No inverno de 1477, Berardo de Varatojo, padre franciscano estigmatizado, viaja para a distante Thule (Islândia) em busca de respostas para a sua crise de fé. Contudo, acaba raptado por desconhecidos antes de as conseguir encontrar, e os seus captores afirmam ser deuses, os sete destinados a sobreviver a um Crepúsculo dos Deuses de que nunca ouvira falar. Aqueles que Berardo toma por feiticeiros pagãos confessam-se numa encruzilhada, culpando o Deus cristão pelo seu dilema, e, segundo eles, o franciscano é precisamente a chave para a sua salvação, embora ele não consiga sequer conceber como.
Porém, essa é a menor das preocupações de Berardo, que se vê constantemente atormentado por visões e pesadelos de uma era antiga… E os seus captores não foram os únicos sobreviventes do Crepúsculo dos Deuses. Um mal antigo persegue-os até às entranhas fogosas de Thule, onde deuses e crenças se confrontarão, e onde Berardo terá de pôr cobro a uma disputa imemorial, com o destino da própria Humanidade em jogo.

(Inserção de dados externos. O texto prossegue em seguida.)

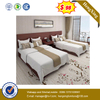 Fashion Wooden Apartment Bedroom Furniture Solid Wood Double Bed Set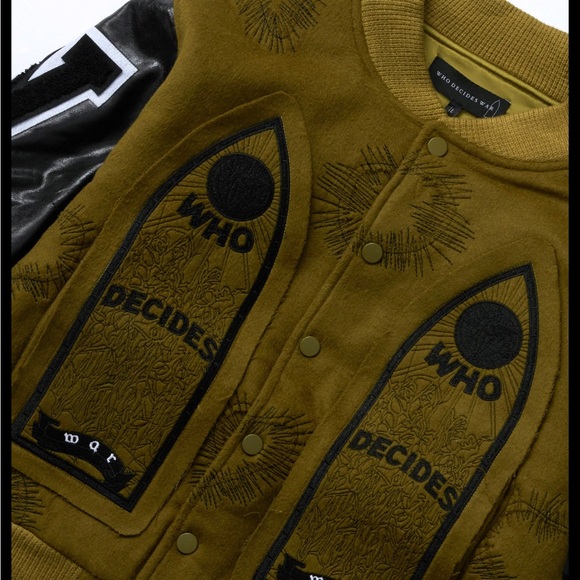 WHO DECIDES WAR Namesake Varsity Olive Jacket - Picture 3 of 7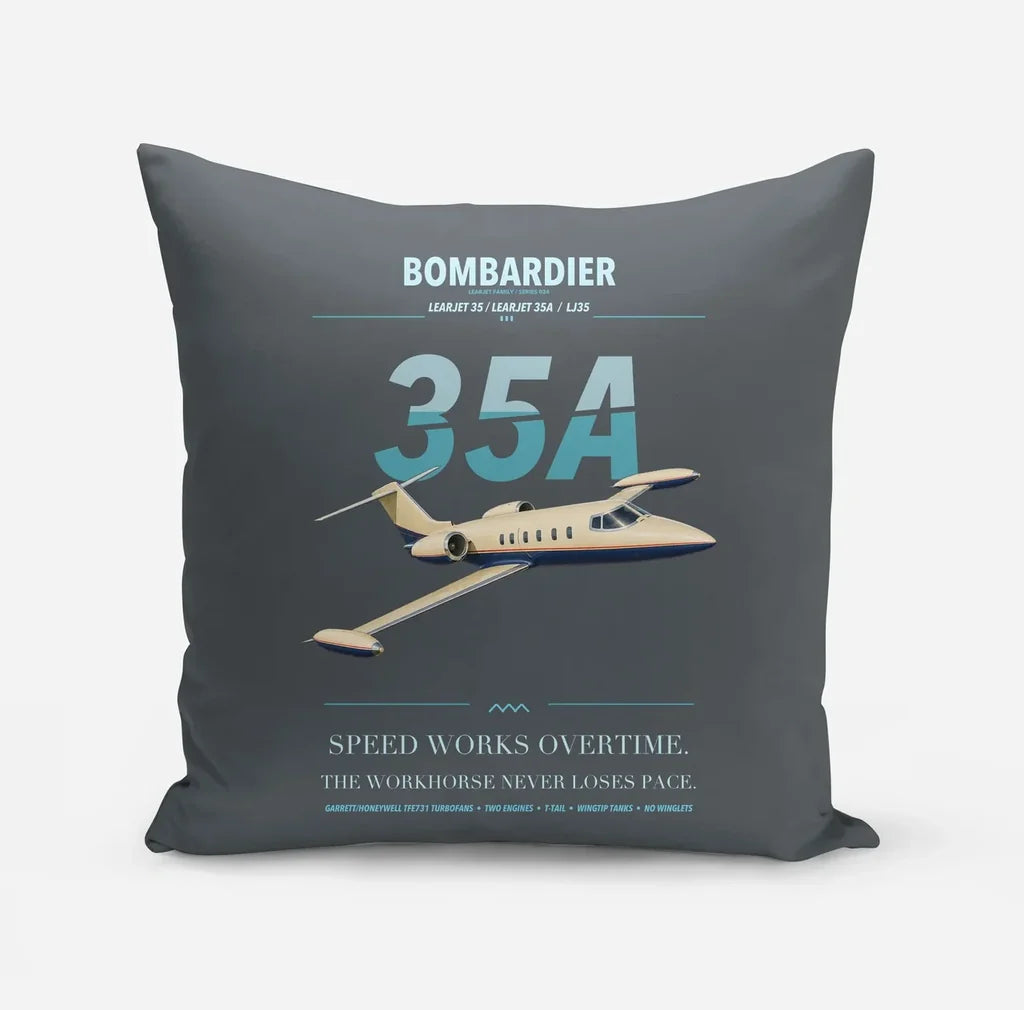 Bombardier Learjet 35A design on gray pillow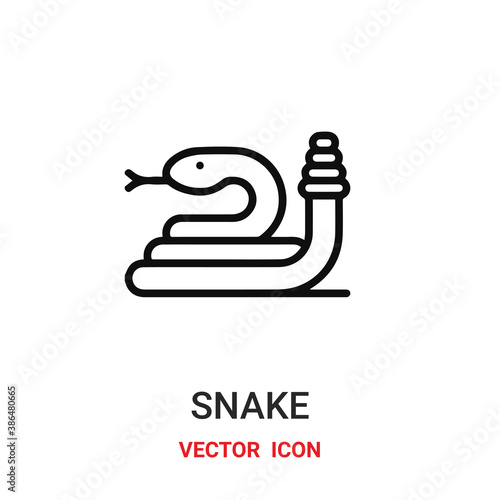 snake icon vector symbol. snake symbol icon vector for your design. Modern outline icon for your website and mobile app design.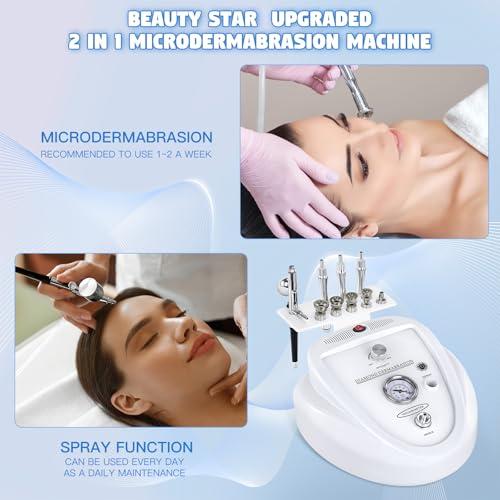 Beauty Star Upgraded 2 IN1 Diamond Microdermabrasion Machine, Beauty Star Professional Diamond Dermabrasion Facial Devices System at Home, Face Pore Cleansing Tool(65-68cmHg Vcuum Suction)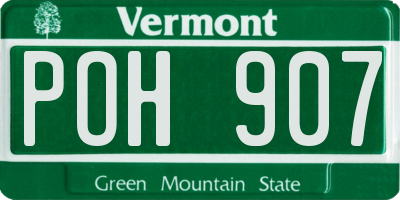 VT license plate POH907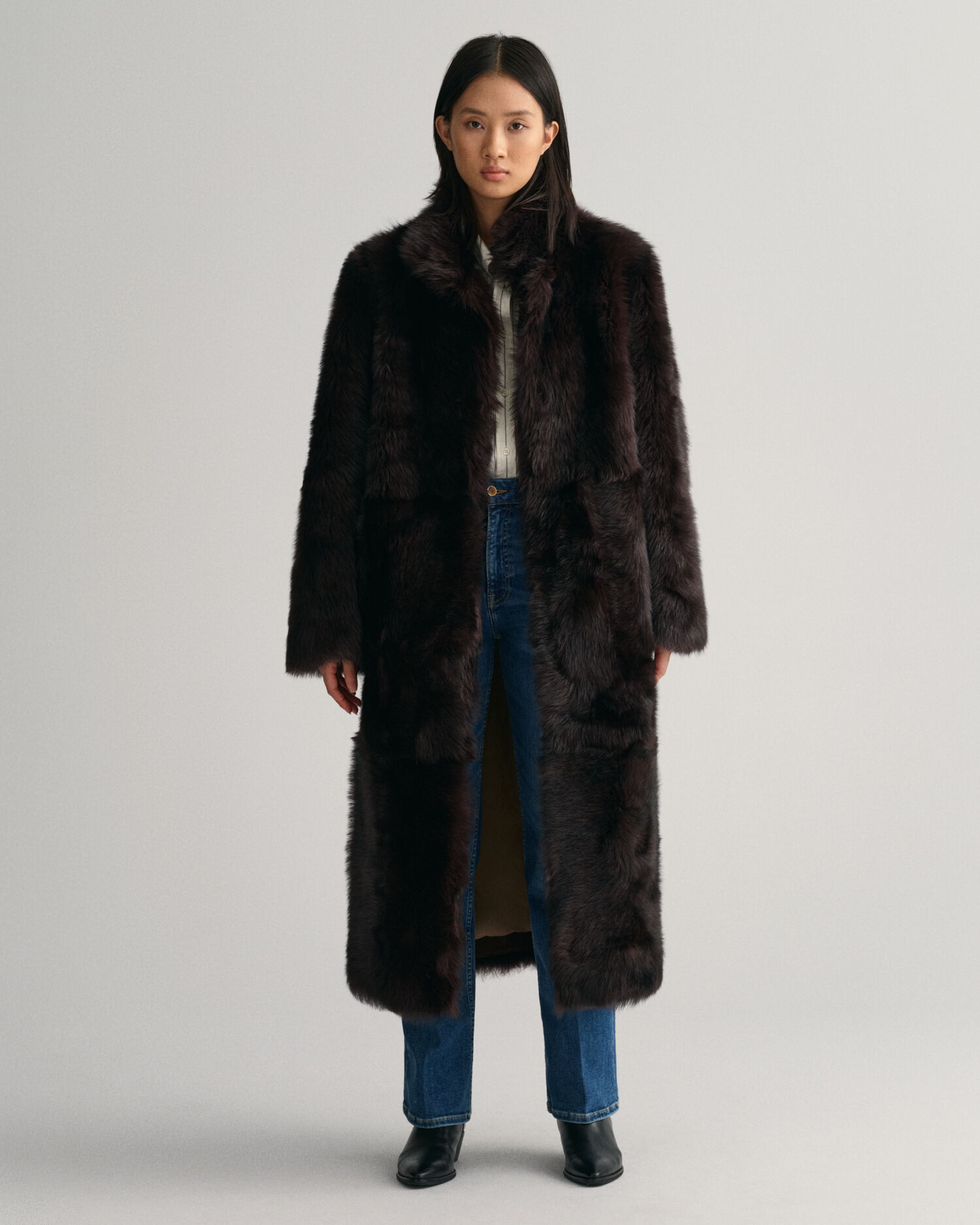 Abrigo new arrivals largo borreguito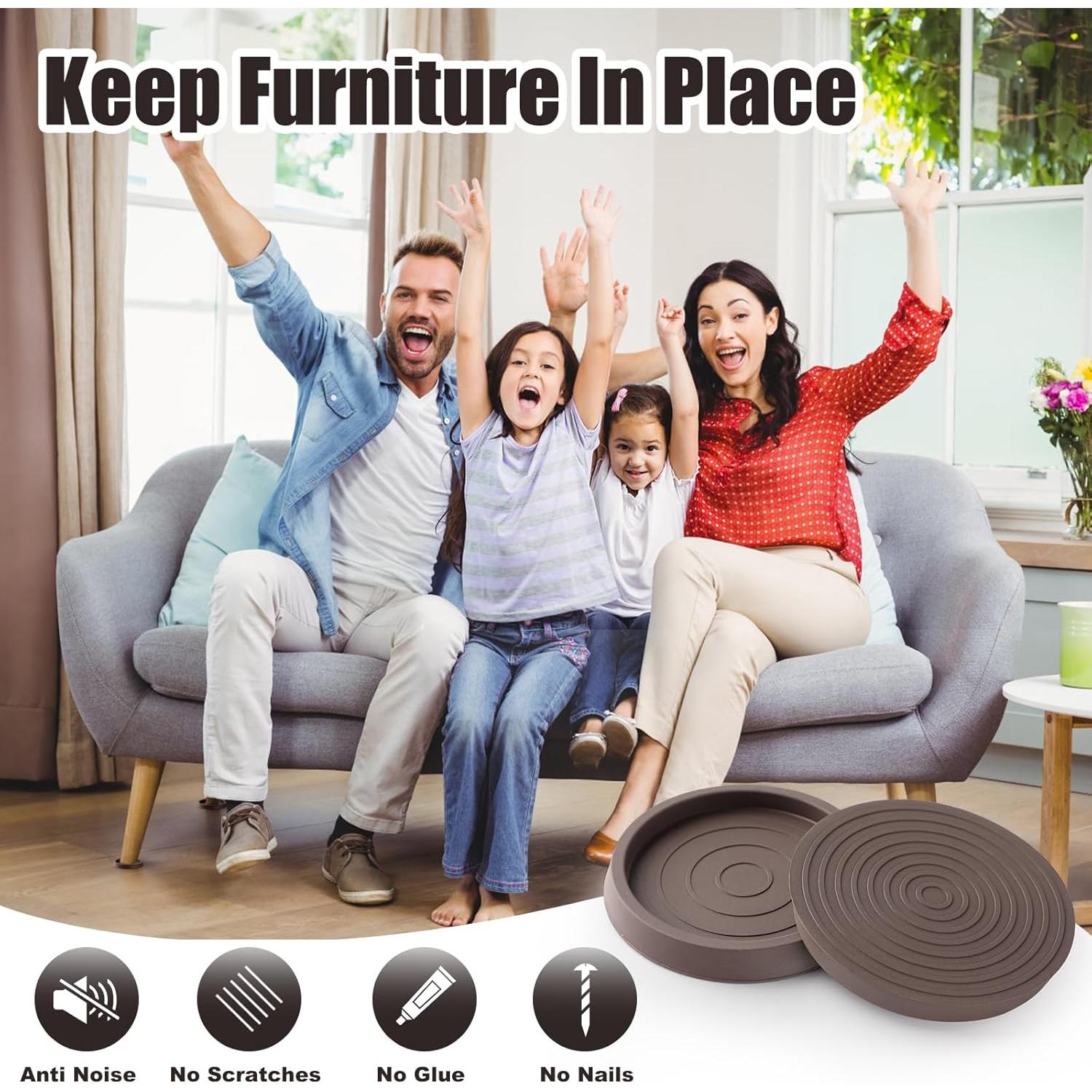 8 Almohadillas Antideslizantes para Muebles Pinsit 6.4cm Marrón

Em 2005, comecei um projecto de BD com o Manuel Morgado, que não deu em nada e que, por culpa minha, em nada poderia dar, e que passou mais tempo na gaveta que o que é saudável para qualquer ideia com pés e cabeça. Anos mais tarde, pedi desculpa ao Manuel pela minha tremenda falha e ele, na sua benevolência, motivou-me a pegar novamente no projecto e concluir o argumento.
Mas publicar uma obra de BD em Portugal ou no estrangeiro nunca é empreitada de pouca monta. Por sorte, uma conjunção de factores pôs na mesa a possibilidade de eu publicar o projecto em formato de romance pela Presença, o que serviria não só para levar a bom porto uma história que, coitada, já há quase dez anos ansiava por ser contada, mas também como possível plataforma para reforçar o mérito do projecto numa futura adaptação. Conversei com o Manuel, que apoiou a ideia, e lancei-me então ao trabalho de reescrever o argumento em formato BD para a sempre mais detalhada e (espero) escorreita prosa de um romance.
Após apreciação, o livro foi considerado «complicado» por várias pessoas na minha editora. O título era mais assustador ainda que Allaryias e Karasthans, a estrutura ainda acusava muito da conversão de um argumento de BD, e o registo, à falta de palavra melhor, era uma dor de cabeça para ler em certas partes. Aceitei todas as críticas, até porque tinha bem presente que, ainda que a nível subconsciente, provavelmente escrevera sob a assunção de que teria o suporte visual de desenhos. Isto, claro está, para além do registo algo rebuscado pelo qual já sou de qualquer forma conhecido/infame.
De volta ao estirador, consegui desapegar-me ao título Endurvakning, cuja sombra pairara sobre o projecto durante dez anos, e fiquei-me pelo bem mais legível A Alvorada dos Deuses, que, para meu alívio, reuniu consenso imediato na Presença. O processo de reescrita foi um pouco mais moroso, e diversifiquei o meu lote de leitores beta para melhor poder apurar as falhas daquele que ia claramente ser o livro mais, bem, diferente que eu alguma vez escrevera («então e a Leopoldina?», perguntarão alguns, que eu ignorarei de forma ostensiva).
Felizmente, tudo correu pelo melhor, o livro foi aprovado e, ao cabo de uma odisseia de uma década – uma autêntica saga de ambição, crença e perdão que em tanto e a tantos níveis se assemelhou à história que ambicionava contar – Endurvakning, o Renascimento, renasceria na forma da Alvorada dos Deuses.